After finding the line that contains "Google Search Console screenshot" in the material below, print that line and all subsequent lines exactly, up to and including the last.

DATA FOR ANALYSIS:
-------------------------

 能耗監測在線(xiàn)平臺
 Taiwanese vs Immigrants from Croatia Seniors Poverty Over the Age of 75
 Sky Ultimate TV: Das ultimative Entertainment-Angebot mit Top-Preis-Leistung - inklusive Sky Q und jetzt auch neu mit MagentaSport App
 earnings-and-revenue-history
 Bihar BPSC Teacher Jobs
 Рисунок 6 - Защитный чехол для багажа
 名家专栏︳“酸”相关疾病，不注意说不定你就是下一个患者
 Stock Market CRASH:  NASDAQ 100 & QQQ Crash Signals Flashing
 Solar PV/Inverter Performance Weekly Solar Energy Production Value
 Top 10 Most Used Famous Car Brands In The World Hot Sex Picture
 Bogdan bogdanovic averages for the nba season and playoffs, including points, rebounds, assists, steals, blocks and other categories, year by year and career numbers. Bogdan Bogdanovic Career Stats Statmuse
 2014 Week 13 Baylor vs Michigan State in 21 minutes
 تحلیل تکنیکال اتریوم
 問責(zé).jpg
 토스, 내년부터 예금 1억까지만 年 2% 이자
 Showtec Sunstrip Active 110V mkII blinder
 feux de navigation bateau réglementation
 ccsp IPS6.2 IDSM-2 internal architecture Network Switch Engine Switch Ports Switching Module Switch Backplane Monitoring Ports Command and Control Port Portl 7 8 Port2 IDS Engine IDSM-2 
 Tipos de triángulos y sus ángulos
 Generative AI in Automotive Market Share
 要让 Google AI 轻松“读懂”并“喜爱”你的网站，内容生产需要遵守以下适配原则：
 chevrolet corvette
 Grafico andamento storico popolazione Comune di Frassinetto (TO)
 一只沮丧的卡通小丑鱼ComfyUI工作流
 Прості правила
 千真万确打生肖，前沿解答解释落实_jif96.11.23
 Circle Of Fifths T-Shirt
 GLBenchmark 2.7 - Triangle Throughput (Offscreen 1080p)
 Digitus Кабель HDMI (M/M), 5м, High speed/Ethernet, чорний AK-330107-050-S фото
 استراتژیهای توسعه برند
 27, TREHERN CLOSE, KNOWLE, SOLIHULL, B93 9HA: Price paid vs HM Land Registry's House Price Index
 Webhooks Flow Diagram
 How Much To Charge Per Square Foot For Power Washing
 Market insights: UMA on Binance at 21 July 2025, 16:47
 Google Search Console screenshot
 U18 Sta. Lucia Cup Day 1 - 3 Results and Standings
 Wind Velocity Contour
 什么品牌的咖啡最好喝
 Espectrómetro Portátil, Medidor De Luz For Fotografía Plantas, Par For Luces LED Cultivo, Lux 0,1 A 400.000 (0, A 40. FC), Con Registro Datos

-------------------------

EXERCISE RESULT:
 Google Search Console screenshot
 U18 Sta. Lucia Cup Day 1 - 3 Results and Standings
 Wind Velocity Contour
 什么品牌的咖啡最好喝
 Espectrómetro Portátil, Medidor De Luz For Fotografía Plantas, Par For Luces LED Cultivo, Lux 0,1 A 400.000 (0, A 40. FC), Con Registro Datos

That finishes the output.